B) “Altri usi consentiti dalla legge”: è stata prevista per gestire le richieste inerenti rapporti contrattuali tra privati, ancorché il DURC non sia espressamente previsto da una specifica norma di legge ovvero per gestire richieste di DURC non previste dall’applicativo, ma necessarie a dimostrare il possesso del requisito della regolarità contributiva in base ad una specifica disposizione di legge; pertanto questa tipologia deve essere utilizzata solo nei casi in cui la richiesta di DURC non rientra in una delle altre tipologie disponibili (appalti pubblici di lavori, forniture o servizi, contratti pubblici di forniture e servizi in economia, verifica autodichiarazione, partecipazione/aggiudicazione appalto, lavori privati in edilizia, attestazione SOA/iscrizione albo fornitori, agevolazioni, finanziamenti, sovvenzioni, autorizzazioni); i dati da inserire sono riportati sul quadro C del modello, con indicazione dello specifico motivo della richiesta che viene riportato sul DURC.
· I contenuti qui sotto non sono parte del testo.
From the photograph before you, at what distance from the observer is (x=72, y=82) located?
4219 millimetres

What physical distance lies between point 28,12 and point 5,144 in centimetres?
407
I DURC emessi nella versione 4.0 contengono, inoltre, in aggiunta a quelli attuali, i seguenti dati:

A) per gli appalti pubblici: descrizione completa della tipologia della richiesta, con indicazione del tipo (appalto, subappalto, affidamento), della fase (es. stipula contratto) e, nel caso di contratti di forniture e servizi in economia con affidamento diretto, della descrizione dell’oggetto del contratto (es. acquisto cancelleria) indicata nella richiesta; nel caso di subappalto e di affidamento, indicazione della stazione appaltante e del subappaltatore/mandante/consorziata;
B) per “altri usi consentiti dalla legge”: descrizione dello specifico motivo della richiesta indicato dall’utente;
C) per tutti i DURC:
• indicazione di una delle specifiche già selezionate in fase di richiesta dall’utente nella sezione “tipo ditta” (“datori di lavoro”, “lavoratori autonomi”, “gestione separata – committente associante” e “gestione separata – titolare di reddito di lavoro autonomo, di arte e professione”) e, nel caso di “datori di lavoro”, indicazione del settore del CCNL applicato (selezionato tra quelli disponibili);
• indicazione, all’interno del riquadro dedicato all’esito della verifica di ciascun ente, di eventuali note inserite dal responsabile del procedimento di verifica della regolarità;
• indicazione dei dati del cantiere, all’interno del solo riquadro dedicato all’esito della verifica delle Casse edili, per i DURC relativi ad appalti pubblici di lavori per fasi successive alla stipula del contratto;
• indicazione, sui certificati rilasciati in copia di un DURC già emesso, della dicitura “Stampa effettuata da …” con le informazioni della sede e dell’utente che ristampa;
• indicazione, sui certificati emessi a seguito di annullamento di un precedente DURC, della dicitura “Il presente certificato, rilasciato in sede di autotutela a seguito di nuova verifica da parte di (INAIL, INPS o Cassa edile), annulla e sostituisce il precedente in data…”;
• indicazione su tutti i DURC emessi, del periodo di validità del certificato (90 o 30 giorni a seconda dei casi) e dei limiti di utilizzo.

venerdì 25 marzo 2011

DURC, dal 28 marzo cambia l’applicazione per la richiesta

Lo Sportello Unico Previdenziale, con un comunicato, ha reso noto che, dal 28 marzo 2011, sarà modificata l’applicazione dedicata alla richiesta ed al rilascio del DURC.

A partire dalla suddetta data, sarà disponibile la nuova versione 4.0 dell’applicazione www.sportellounicoprevidenziale.it per la richiesta ed il rilascio del DURC che avrà anche nuove funzionalità.

A tal fine, il sistema sarà chiuso, sia per gli utenti esterni che per il personale di INAIL, INPS e Casse Edili, dalle ore 23,00 del 24 marzo alle ore 9,00 del 28 marzo 2011.
Al primo nuovo accesso, il sistema proporrà un apposito messaggio con cui si chiede all’utente di verificare i dati personali, di cambiare la password e, successivamente, procedere al nuovo accesso, seguendo il percorso proposto dal sistema.